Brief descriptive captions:
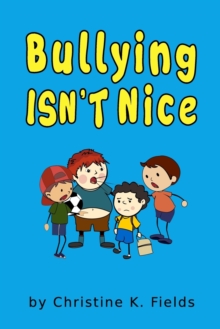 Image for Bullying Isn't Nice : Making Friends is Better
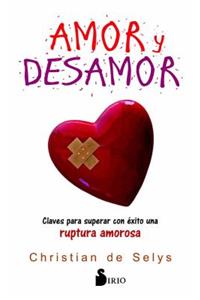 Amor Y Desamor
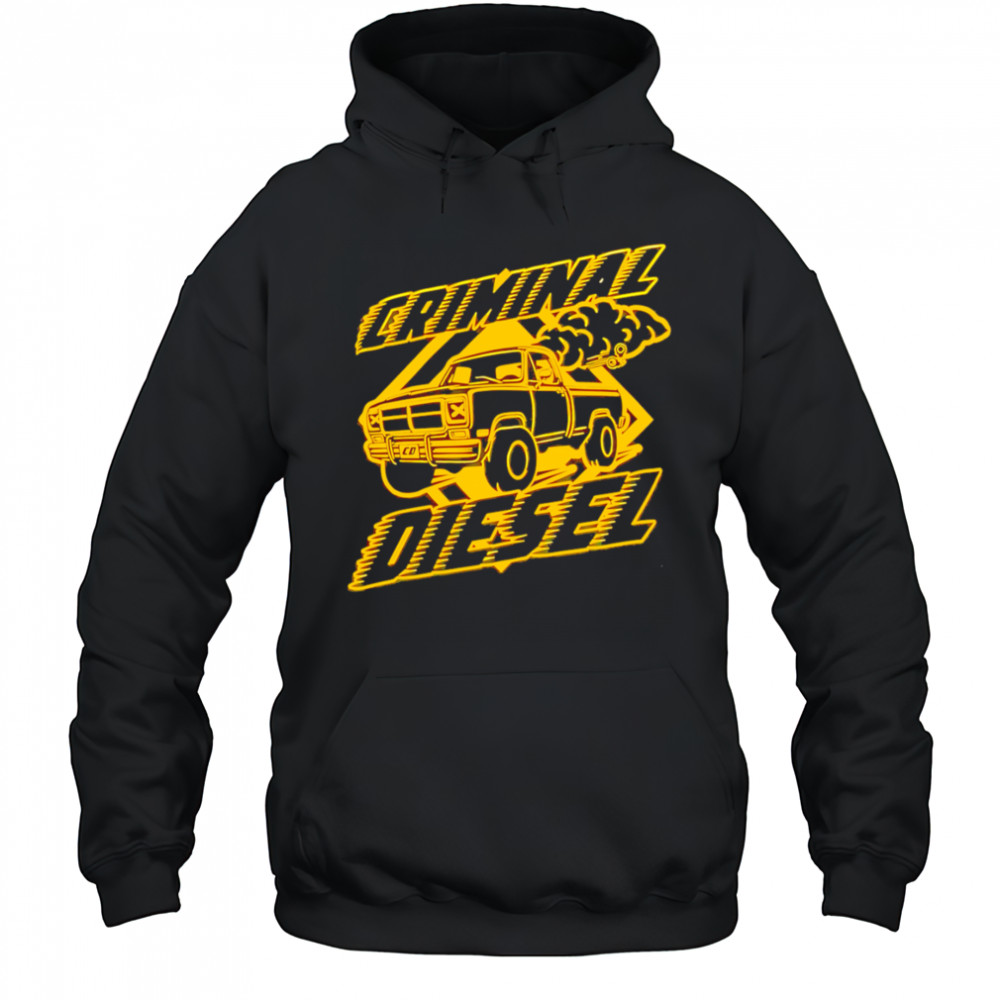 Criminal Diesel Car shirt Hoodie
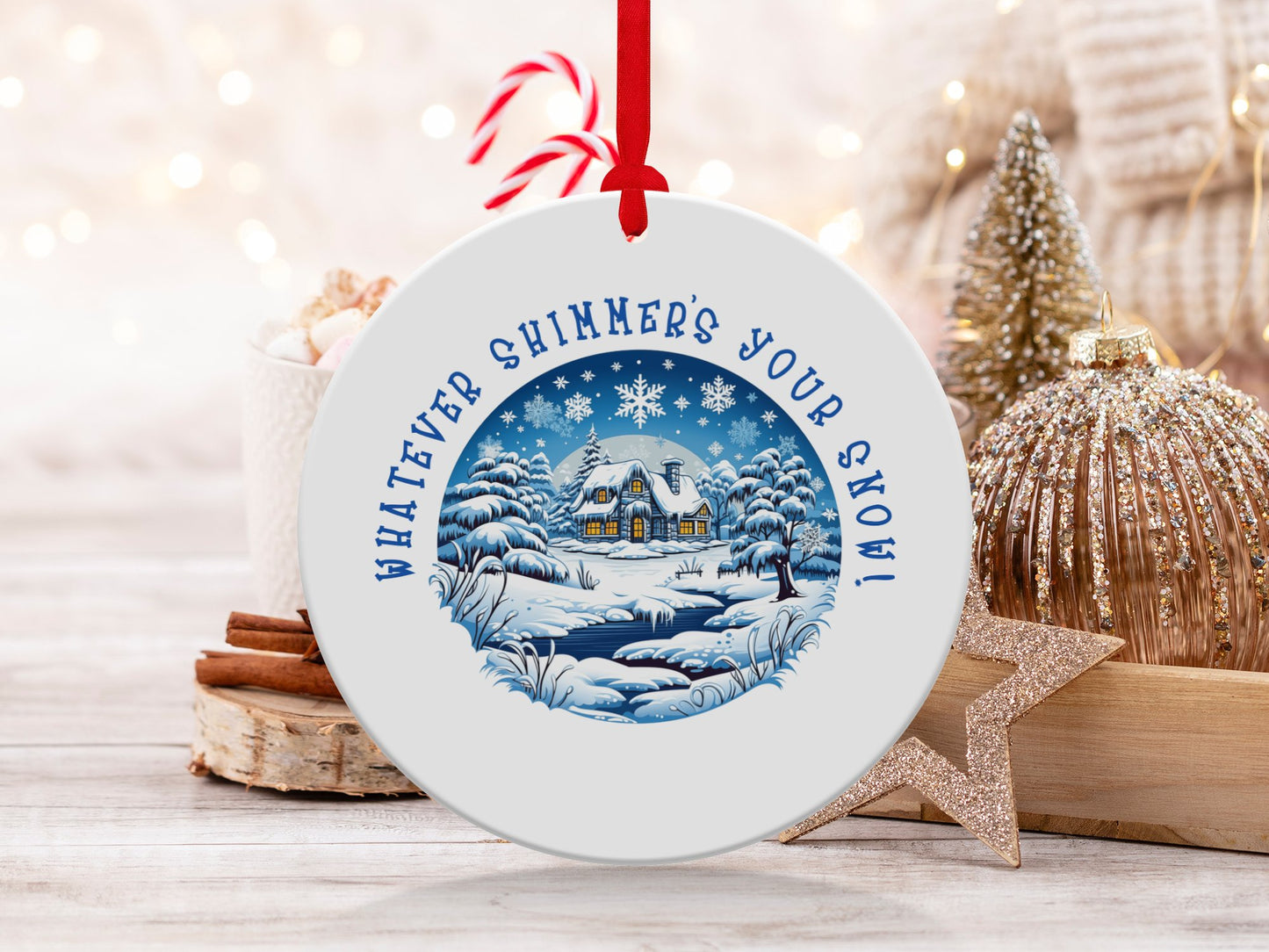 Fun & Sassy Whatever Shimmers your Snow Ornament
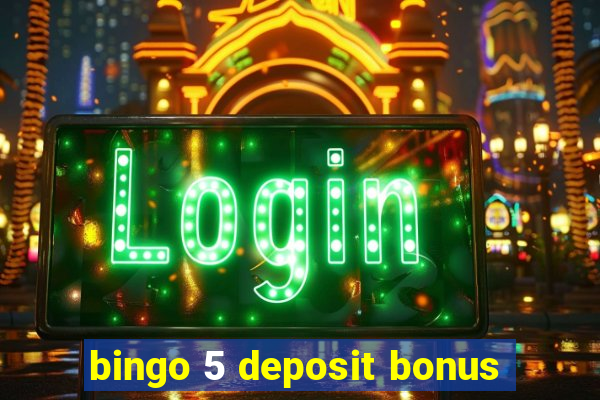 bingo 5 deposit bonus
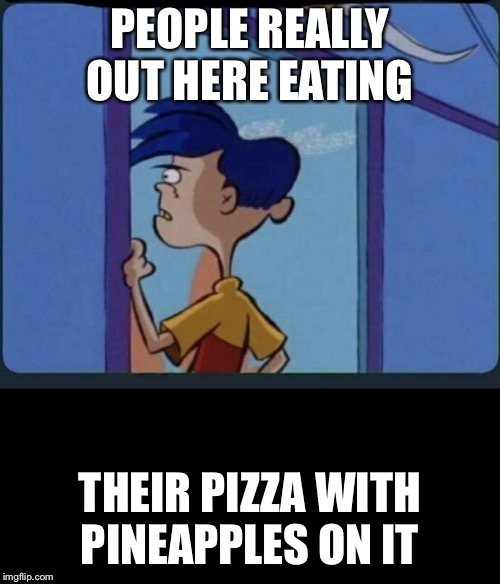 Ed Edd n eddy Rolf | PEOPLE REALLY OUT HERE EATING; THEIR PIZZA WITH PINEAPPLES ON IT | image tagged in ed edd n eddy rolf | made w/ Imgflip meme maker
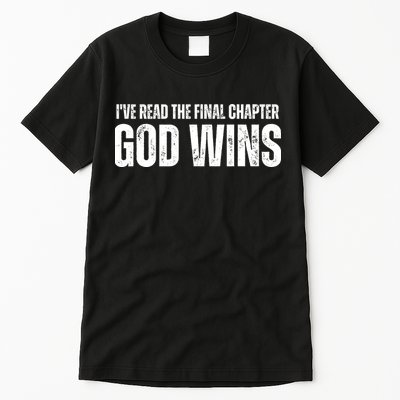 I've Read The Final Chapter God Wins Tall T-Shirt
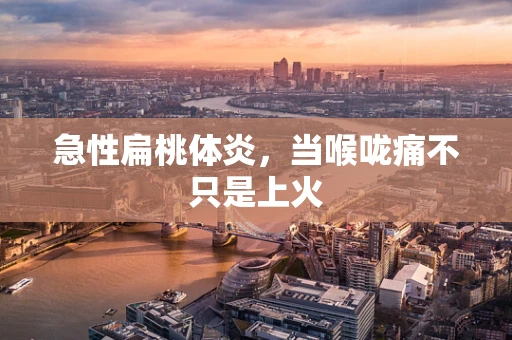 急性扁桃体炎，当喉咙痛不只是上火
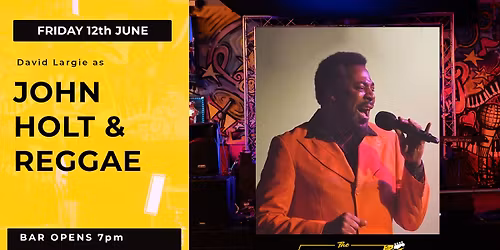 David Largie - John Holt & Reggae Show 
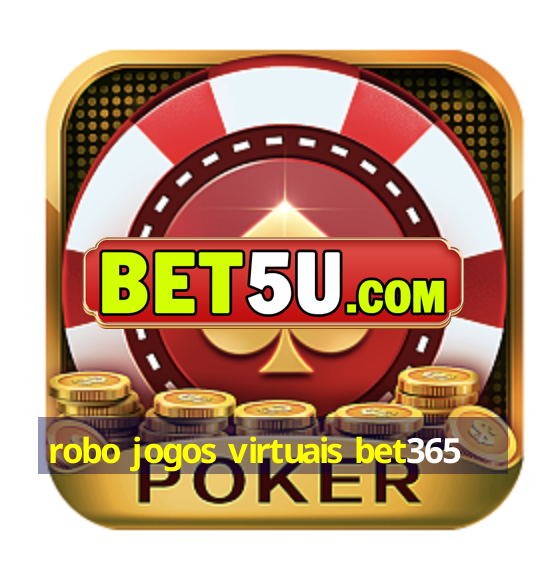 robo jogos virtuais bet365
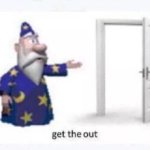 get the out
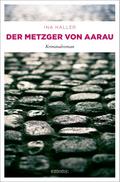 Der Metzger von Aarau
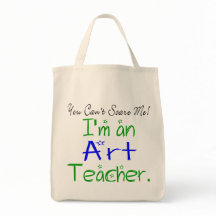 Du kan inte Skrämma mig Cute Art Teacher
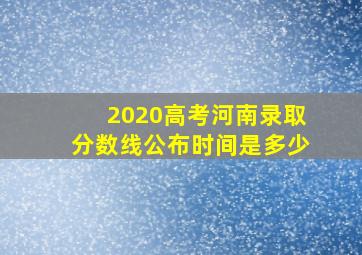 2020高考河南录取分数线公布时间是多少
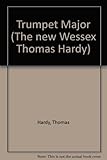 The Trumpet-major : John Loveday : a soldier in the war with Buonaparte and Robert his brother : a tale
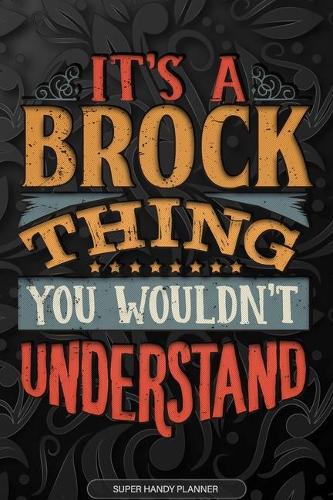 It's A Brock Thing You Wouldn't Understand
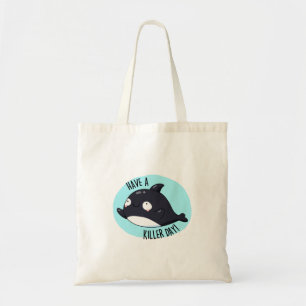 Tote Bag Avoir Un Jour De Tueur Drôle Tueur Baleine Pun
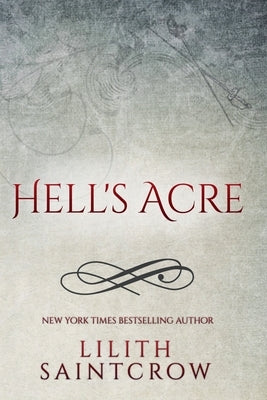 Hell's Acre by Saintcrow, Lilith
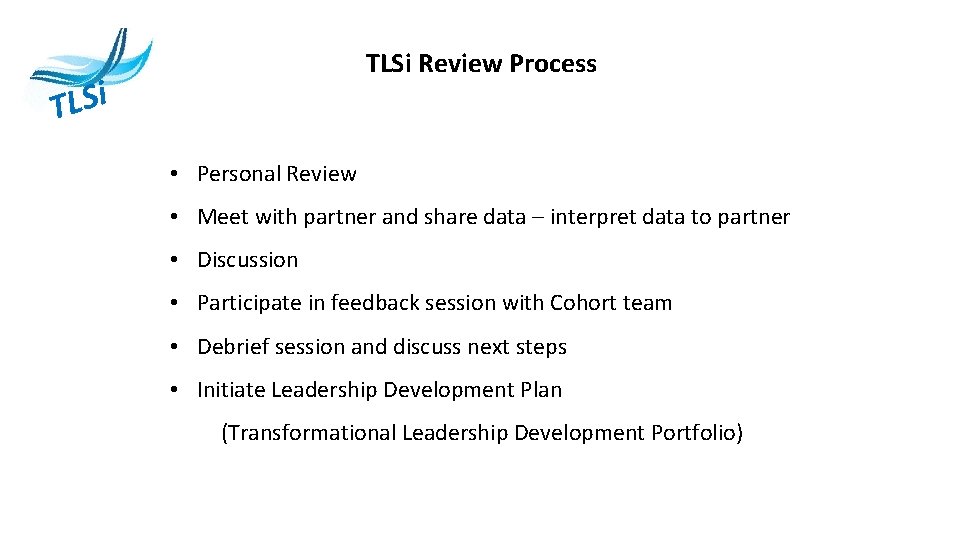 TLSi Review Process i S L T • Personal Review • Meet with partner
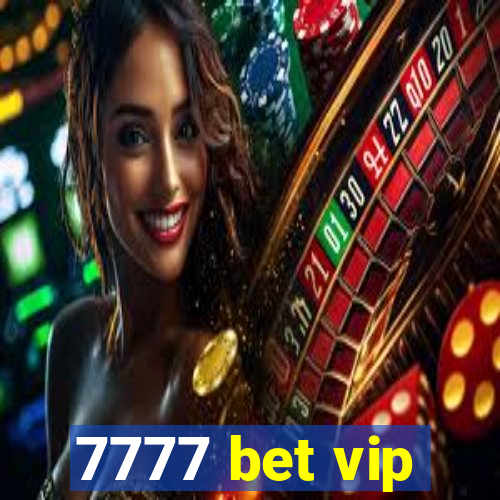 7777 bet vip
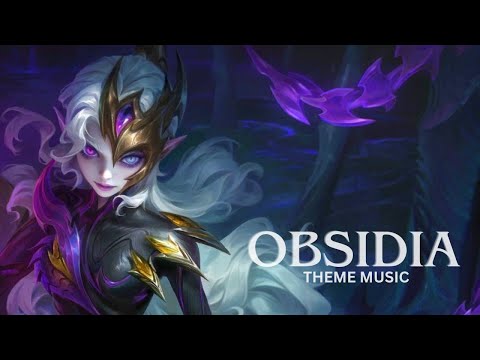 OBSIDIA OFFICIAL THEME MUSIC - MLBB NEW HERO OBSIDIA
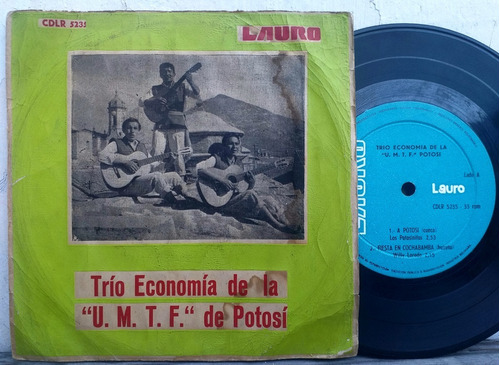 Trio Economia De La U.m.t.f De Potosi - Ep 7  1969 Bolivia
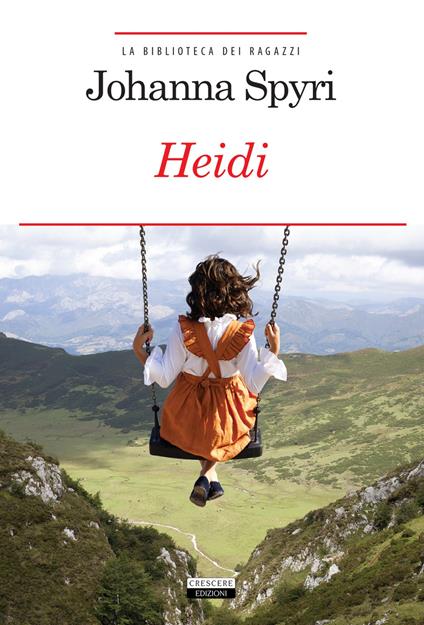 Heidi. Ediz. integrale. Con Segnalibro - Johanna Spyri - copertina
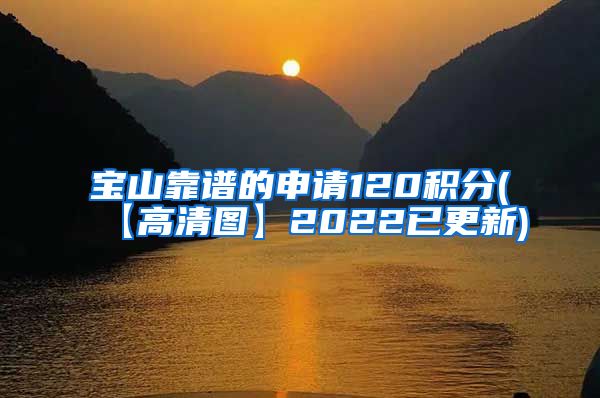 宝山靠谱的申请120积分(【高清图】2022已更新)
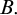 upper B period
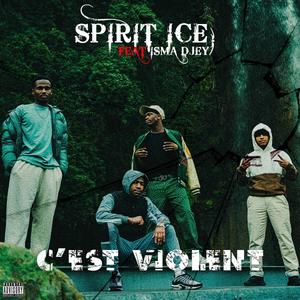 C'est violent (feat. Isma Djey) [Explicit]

Task details:
Print exactly the lines from the line with "Hell's Acre by Saintcrow, Lilith" through the end of the data, both ends included, and print no pictures.

Written response:
 Hell's Acre by Saintcrow, Lilith
 TLSi Review Process i S L T • Personal Review • Meet with partner
 7777 bet vip
 OBSIDIA OFFICIAL THEME MUSIC - MLBB NEW HERO OBSIDIA
 Trio Economia De La U.m.t.f De Potosi - Ep 7  1969 Bolivia
 Heidi. Ediz. integrale. Con Segnalibro - Johanna Spyri - copertina
 宝山靠谱的申请120积分(【高清图】2022已更新)
 upper B period
 C'est violent (feat. Isma Djey) [Explicit]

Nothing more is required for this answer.